What this task involves: The lines running from the one that contains "How to Steam" to the end of the records below are what to reproduce, exactly and without pictures.

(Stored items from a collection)
/---
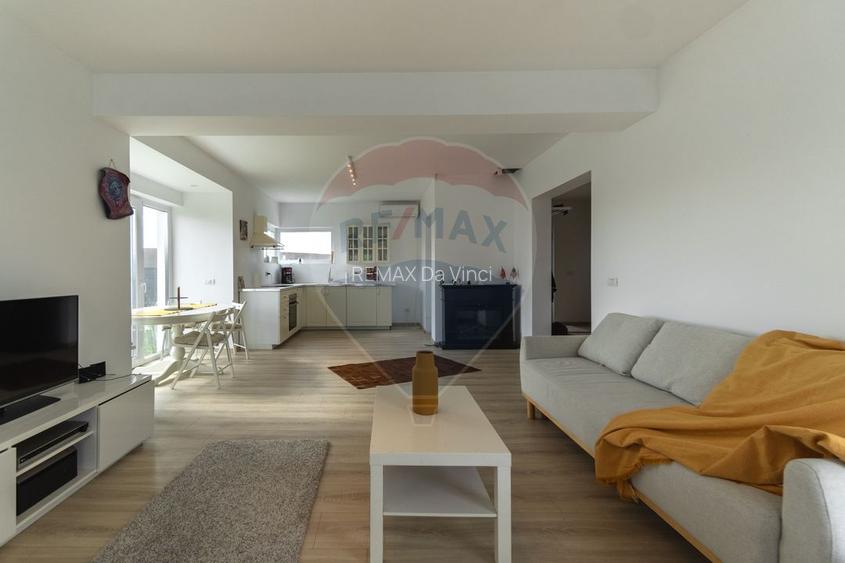 Casă / Vilă oportunitate rar întâlnită ! - 6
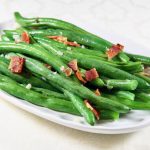 How to Steam Green Beans in the Microwave - Baking Mischief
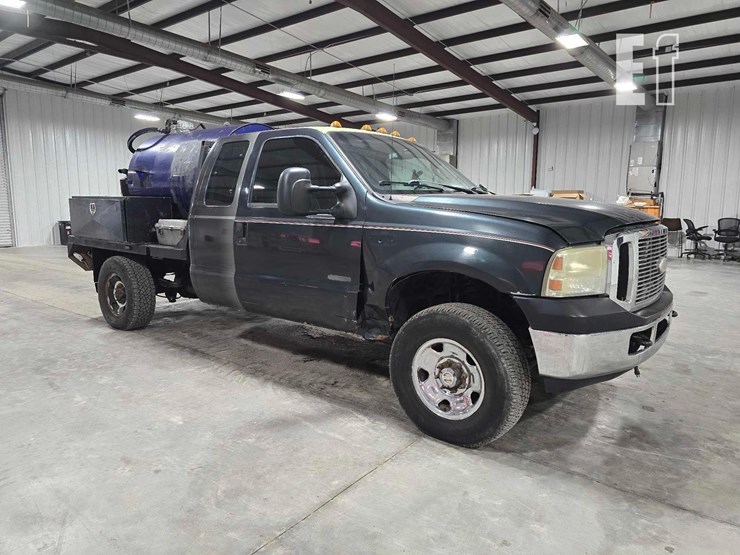 2006-ford-f250-sd-image-2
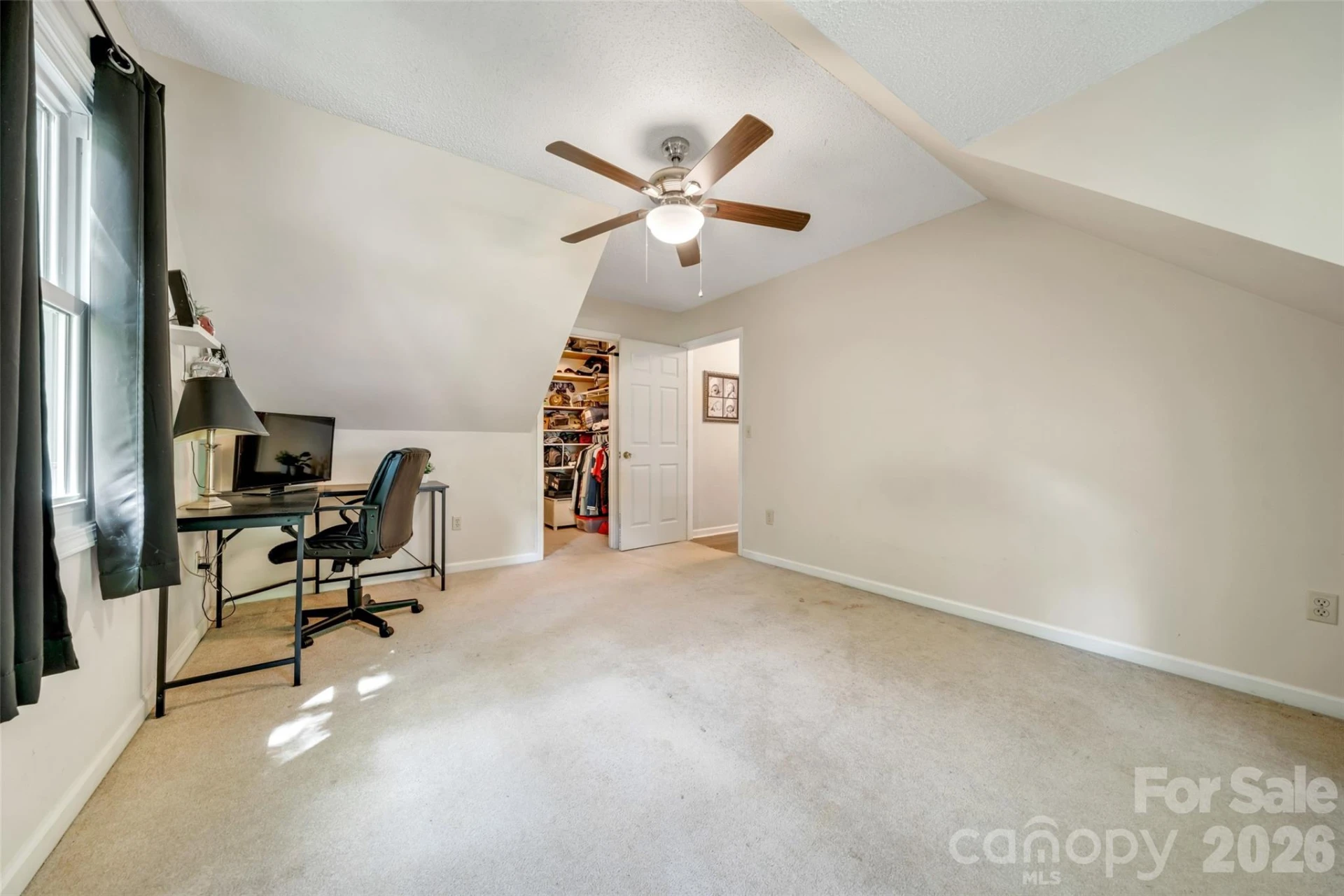 18 Tarragon Place - Photo 36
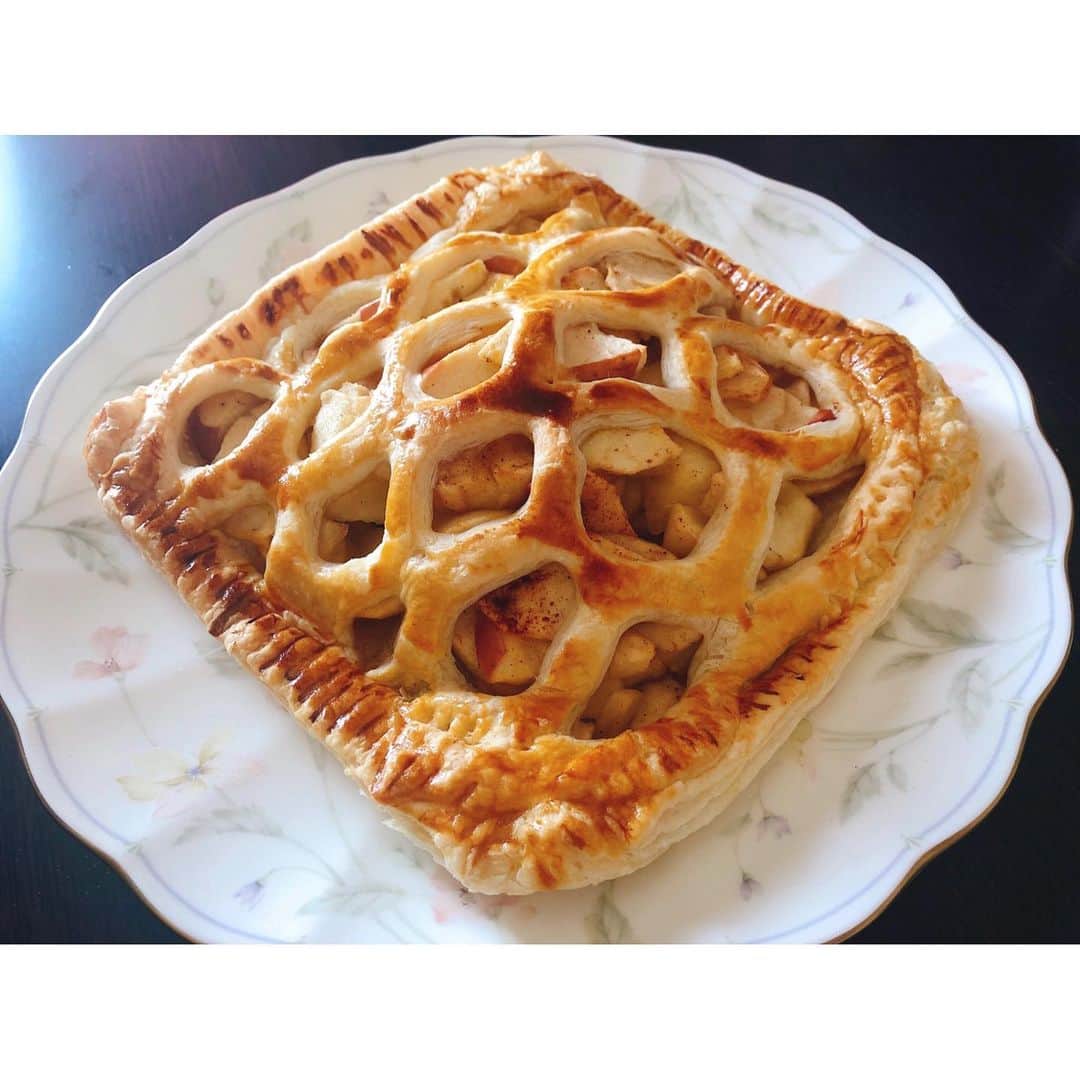 のインスタグラム：「りんご沢山頂いたのでアップルパイ焼いたで🍎🍎 全くメタルらしからぬ昼下がりやんヾ(ﾟΘﾟ )ヾ  でもお味は思わずヘドバンしたくなっちゃう 激アツヘヴィーな美味しさや🤘オウイエー #アップルパイ #おやつの時間」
\---
Answer below:
 How to Steam Green Beans in the Microwave - Baking Mischief
 2006-ford-f250-sd-image-2
 18 Tarragon Place - Photo 36
 のインスタグラム：「りんご沢山頂いたのでアップルパイ焼いたで🍎🍎 全くメタルらしからぬ昼下がりやんヾ(ﾟΘﾟ )ヾ  でもお味は思わずヘドバンしたくなっちゃう 激アツヘヴィーな美味しさや🤘オウイエー #アップルパイ #おやつの時間」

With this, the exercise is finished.